Sabemos de sobra que la fortaleza tiene un aspecto pasivo y otro activo, y que en numerosas ocasiones (no siempre) el primero es más arduo y más heroico, pero no podemos admitir que a un puñado de jóvenes se le inculque que el segundo es per se deficiente o malsano, porque no es ésta la doctrina católica.
Repasamos, pues, el Catecismo al respecto, para ahorrar a los lectores el trabajo de buscarlo.
2263 La legítima defensa de las personas y las sociedades no es una excepción a la prohibición de la muerte del inocente que constituye el homicidio voluntario. ‘La acción de defenderse puede entrañar un doble efecto: el uno es la conservación de la propia vida; el otro, la muerte del agresor... solamente es querido el uno; el otro, no’ (S. Tomás de Aquino, s. th. 2-2, 64, 7).
2264 El amor a sí mismo constituye un principio fundamental de la moralidad. Es, por tanto, legítimo hacer respetar el propio derecho a la vida. El que defiende su vida no es culpable de homicidio, incluso cuando se ve obligado a asestar a su agresor un golpe mortal:
Si para defenderse se ejerce una violencia mayor que la necesaria, se trataría de una acción ilícita.

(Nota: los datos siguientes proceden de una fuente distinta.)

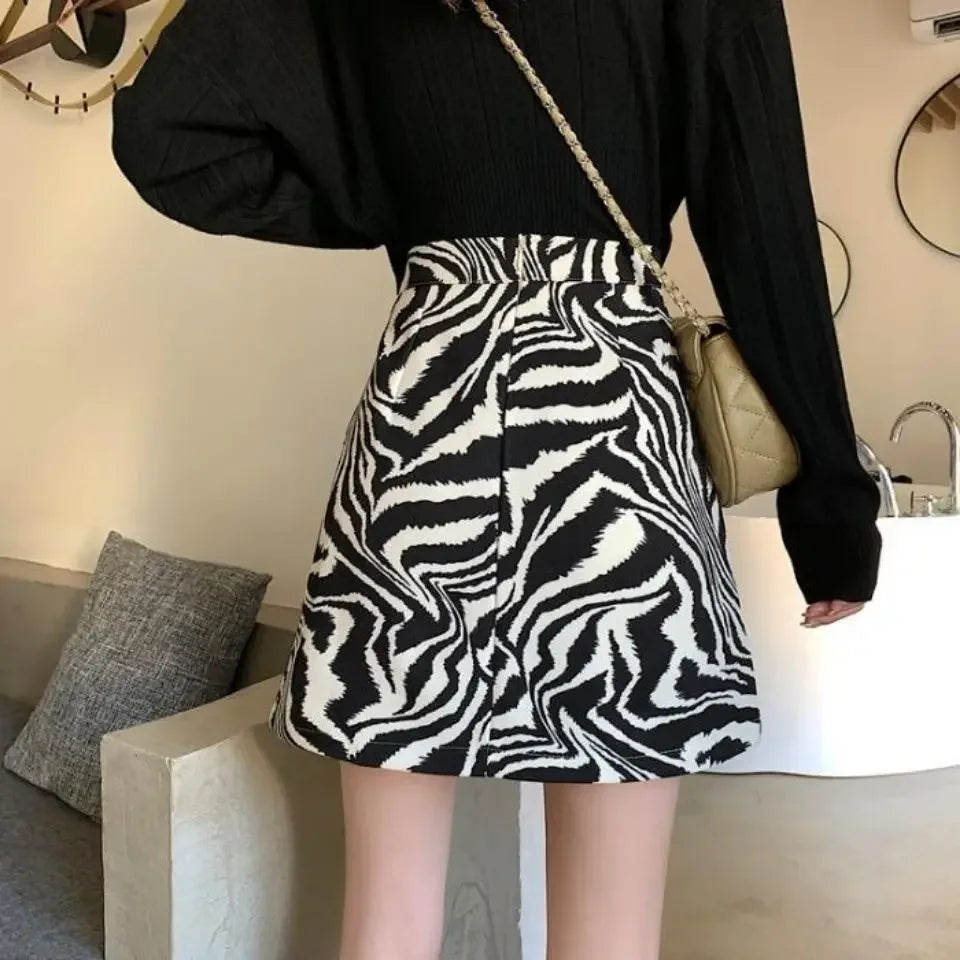 ULLA I MINIROCK MIT ZEBRADRUCK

Pero si se rechaza la violencia en forma mesurada, la acción sería lícita... y no es necesario para la salvación que se omita este acto de protección mesurada a fin de evitar matar al otro, pues es mayor la obligación que se tiene de velar por la propia vida que por la de otro (S. Tomás de Aquino, s. th. 2-2, 64, 7).

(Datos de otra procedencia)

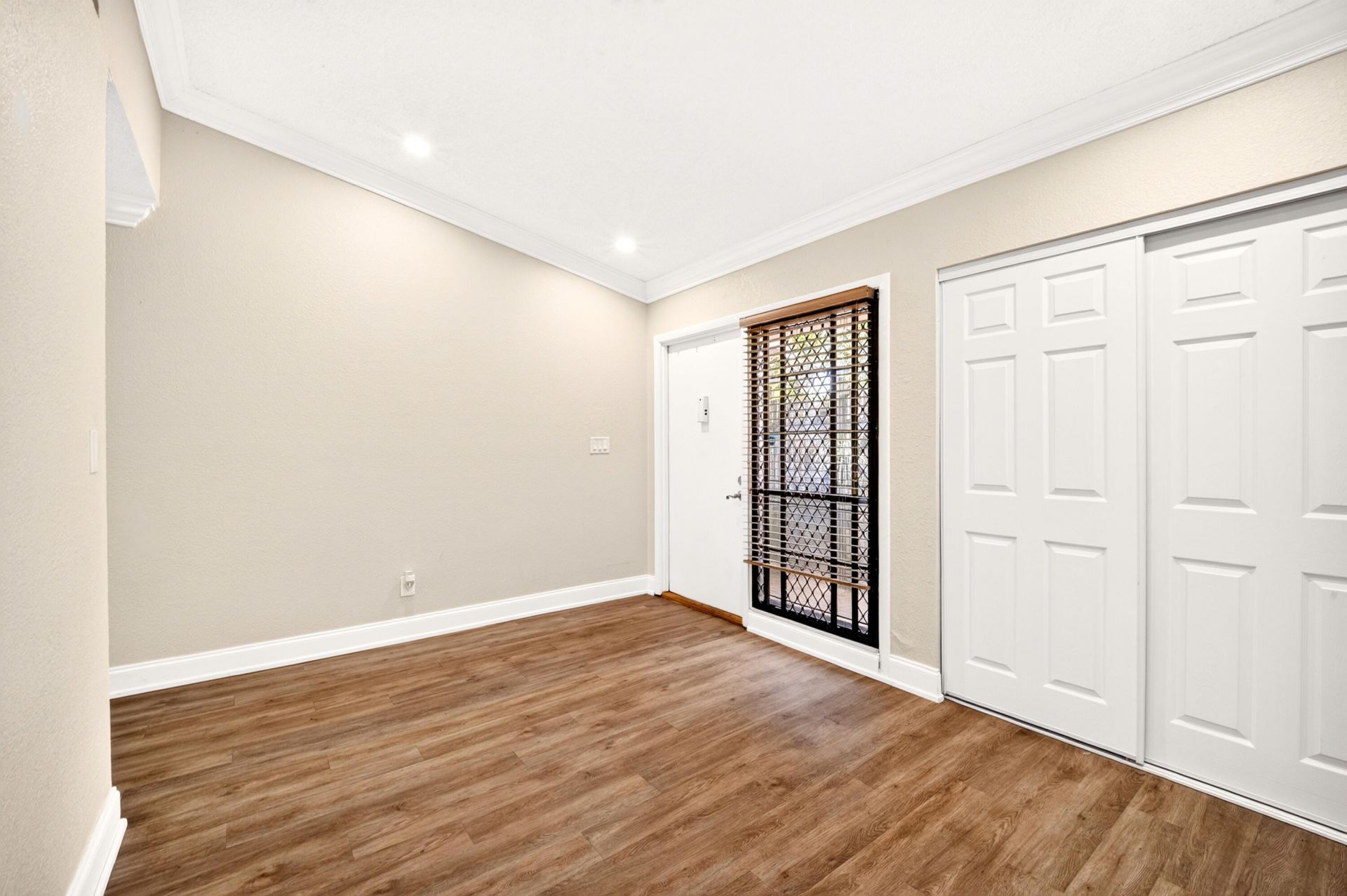 921 NW 122nd Terrace, Pembroke Pines, FL 33026 Photo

2265 La legítima defensa puede ser no solamente un derecho, sino un deber grave, para el que es responsable de la vida de otro, del bien común de la familia o de la sociedad.

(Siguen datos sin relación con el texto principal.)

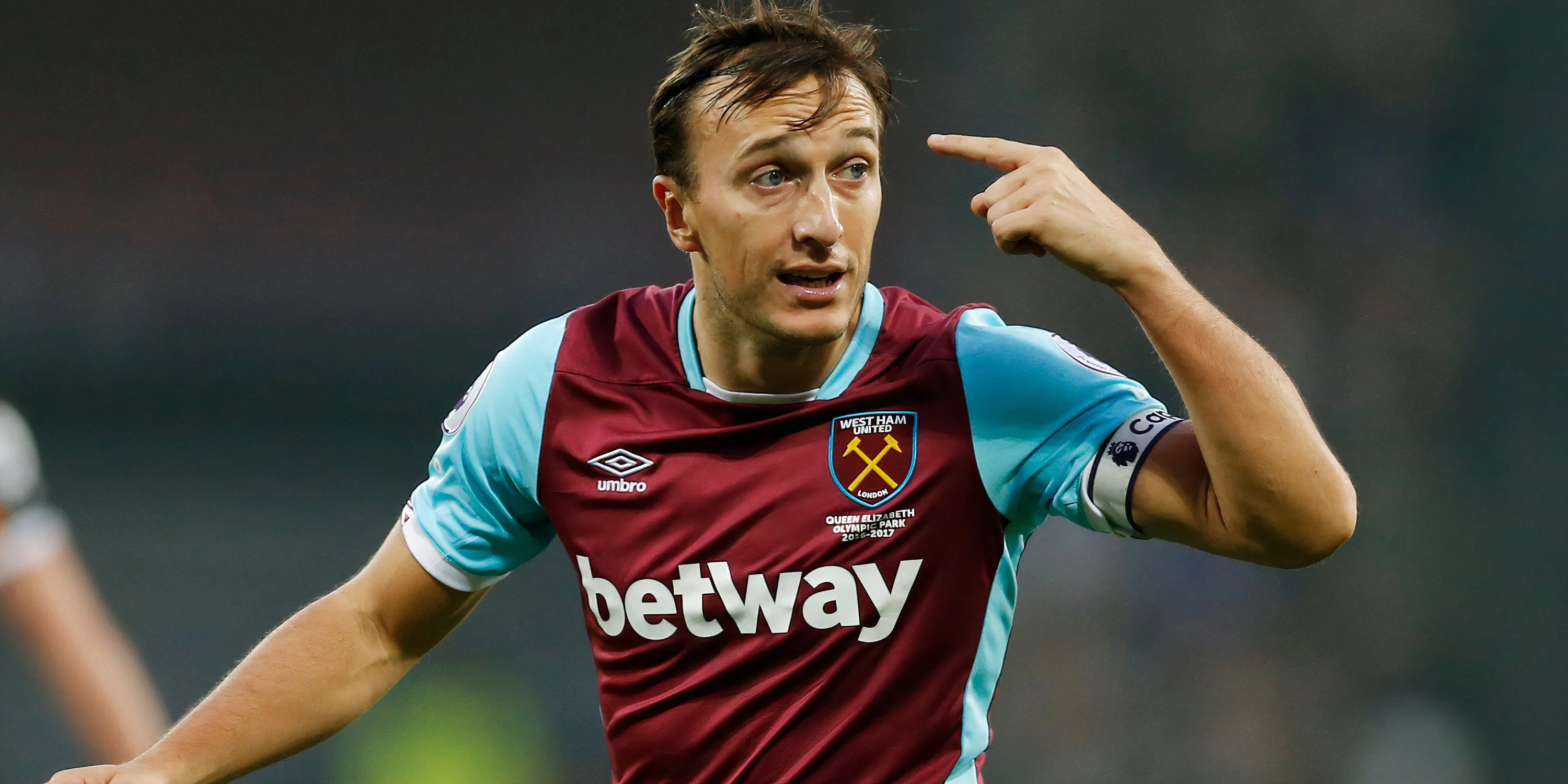 Mark Noble ăn mừng bàn thắng cho West Ham United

2266 La preservación del bien común de la sociedad exige colocar al agresor en estado de no poder causar perjuicio.
2267 Si los medios incruentos bastan para defender las vidas humanas contra el agresor y para proteger de él el orden público y la seguridad de las personas, en tal caso la autoridad se limitará a emplear sólo esos medios, porque ellos corresponden mejor a las condiciones concretas del bien común y son más conformes con la dignidad de la persona humana.
Ahora bien: de lo expuesto surge la necesidad de profundizar la doctrina católica acerca de la paz, opuesta desde ya al pacifismo, y que implica condiciones puntuales para lo que puede considerarse “violencia legítima”, en casos de legítima defensa.
- La violencia que amenaza seriamente la vida o la integridad física de una o más personas humanas, para ser legítima, siempre debe ser una defensa contra una agresión injusta, grave y cierta. Además, salvo en el caso de la pena de muerte, esa agresión debe ser actual.
- La violencia legítima siempre es un último recurso; o sea, sólo es lícito recurrir a la violencia cuando todos los recursos no violentos sean ineficaces.
- La violencia legítima siempre es proporcionada a la agresión; o sea, no debe provocar daños mayores que el que se pretendía evitar.
- Además, en los dos casos de violencia legítima contra una sociedad (“guerra justa” y resistencia a la tiranía), se añaden otras dos condiciones: que la agresión a la que se pretende responder sea prolongada y que la respuesta violenta a esa agresión tenga expectativas fundadas de éxito. (Cf. Daniel Iglesias Grèzes).
Y vamos procurando terminar…
Quisiera dejar claro, a quienes tachan de “violentos” a los católicos que tienen sangre en las venas y que tratan de ser fieles a todo el Evangelio (por ejemplo a algunos sacerdotes que se refieren a ellos como “pesados”, cayendo en vergonzosas calificaciones de chiquilines), que a ninguna persona más o menos normal le puede “divertir” viajar toda una noche a otra ciudad para tener exponerse a trompadas y golpes, escupidas y patadas para defender a otros más débiles, como han sido las mujeres católicas que participamos de los talleres más violentos. El martirio no se busca, pero tampoco puede huirse de él como de la peste, y no se puede pedir a los jóvenes que se conviertan en estatuas ante cualquier afrenta, porque se corre el riesgo de imponerles un yugo demasiado pesado de llevar, que ni el Decálogo nos pide.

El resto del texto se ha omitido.